Task prompt
Copy, word for word, the line containing "City Express by" and each line that follows it in the entries below; pictures do not belong in the copy.

[Opening Data provided section]

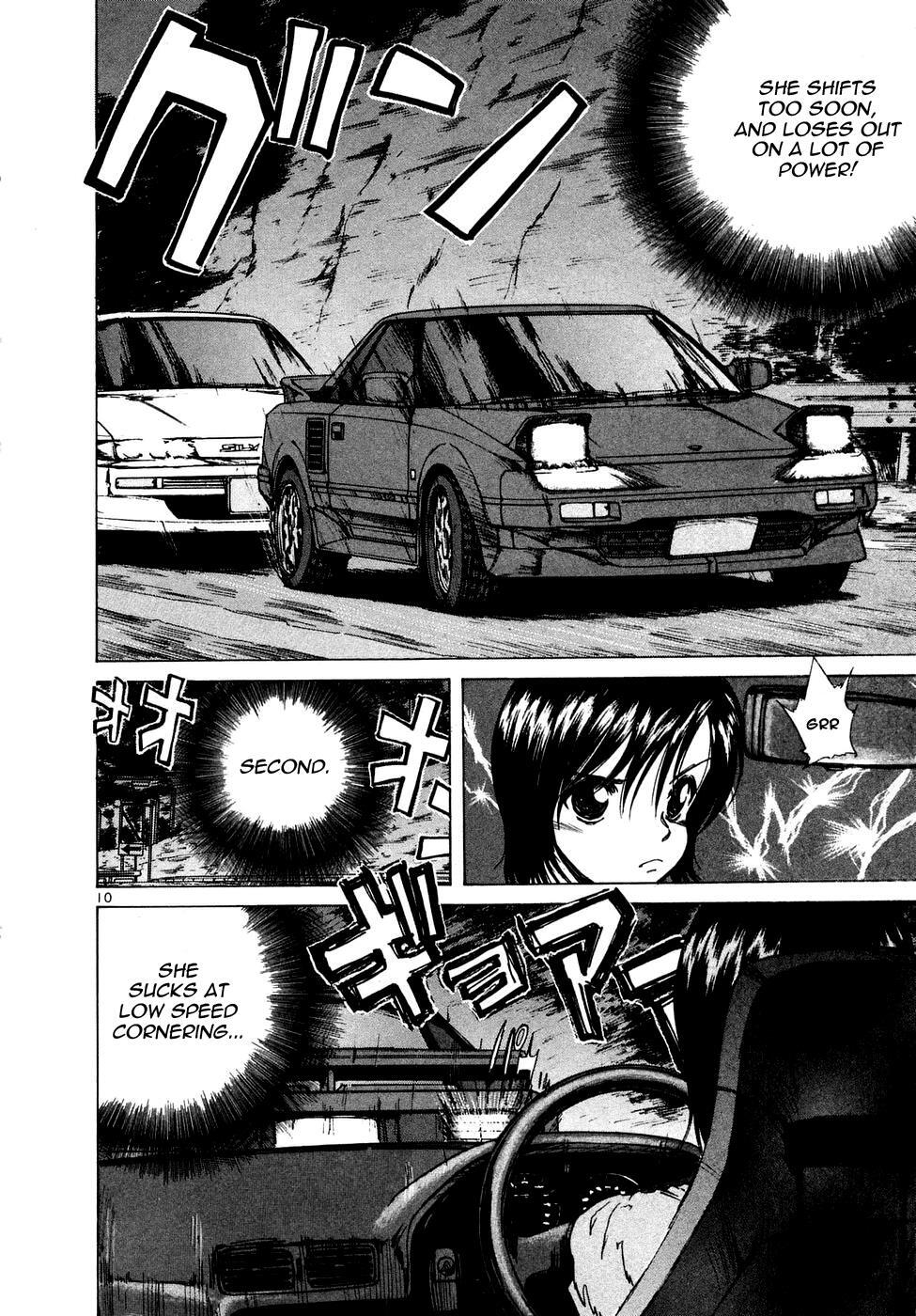 Read Over Rev! Manga Online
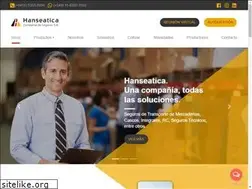 Sites similar to hanseatica.com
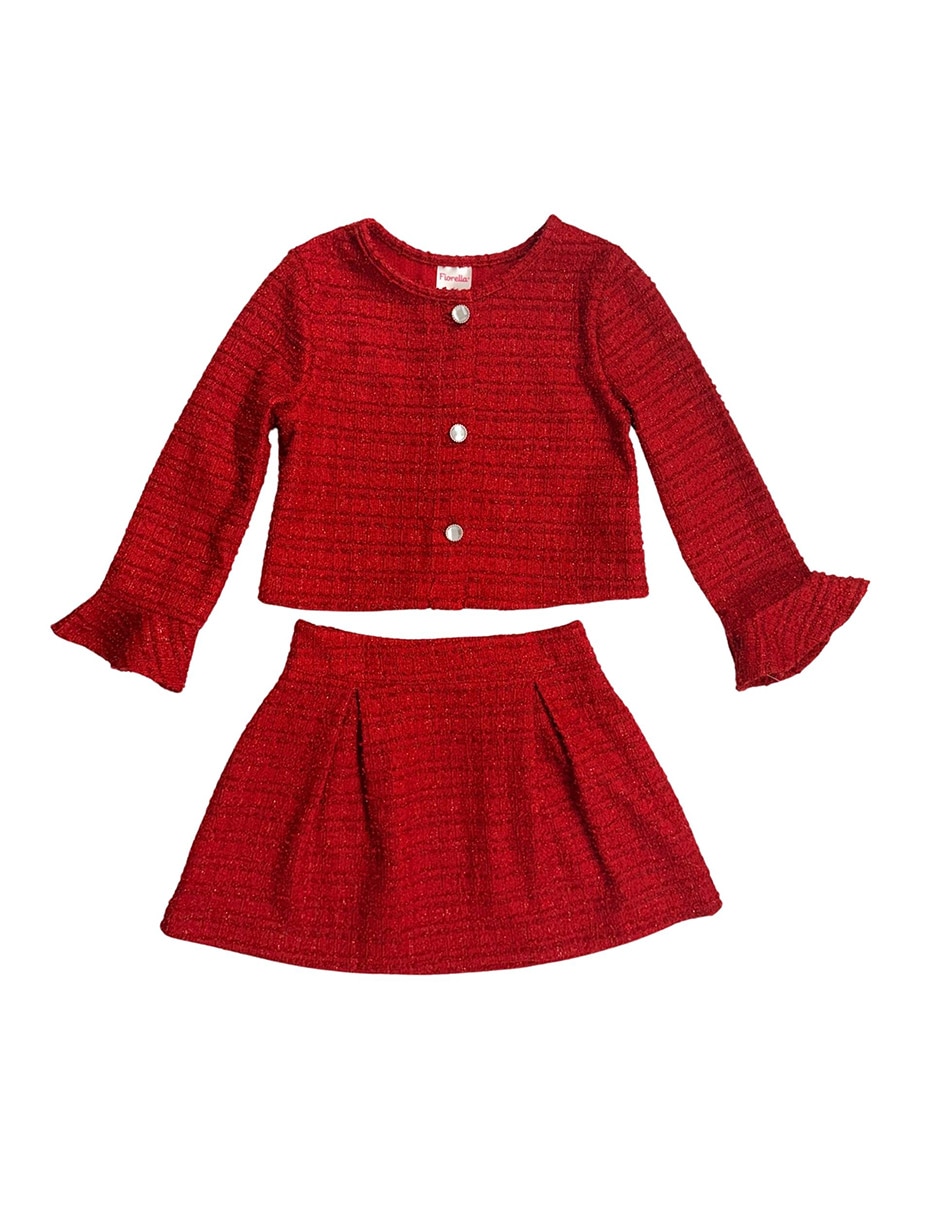 Conjunto para niña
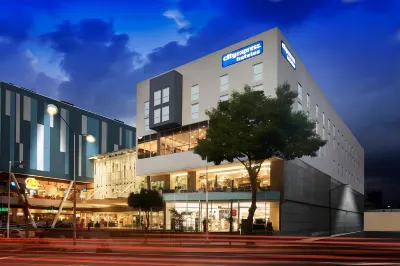 City Express by Marriott Ciudad de México la Raza Hotels near Ferrocarrilero Theatre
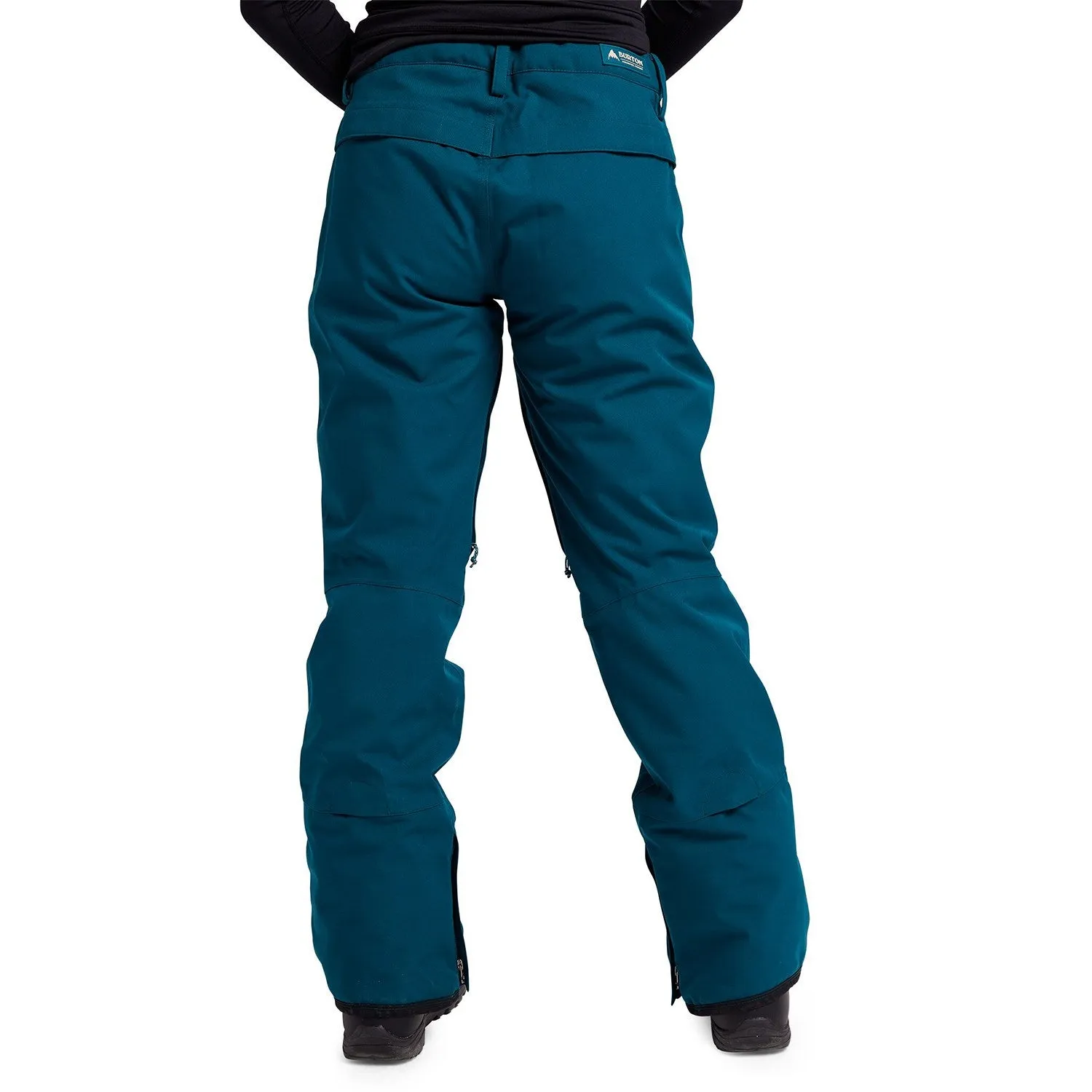 Burton Society Womens Pants Shaded Spruce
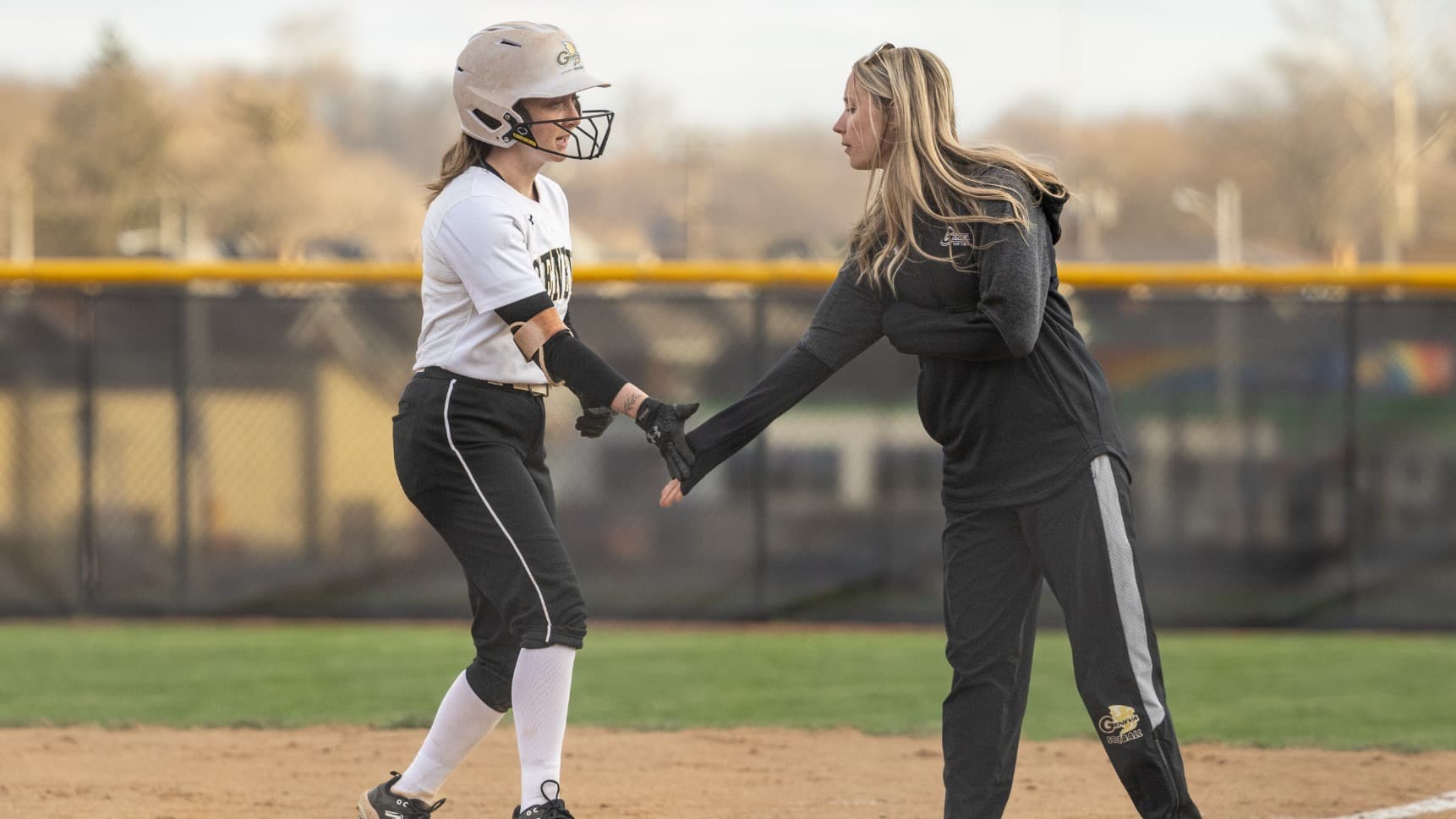 Geneva College Softball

[Closing Data provided section]

Result
 City Express by Marriott Ciudad de México la Raza Hotels near Ferrocarrilero Theatre
 Burton Society Womens Pants Shaded Spruce
 Geneva College Softball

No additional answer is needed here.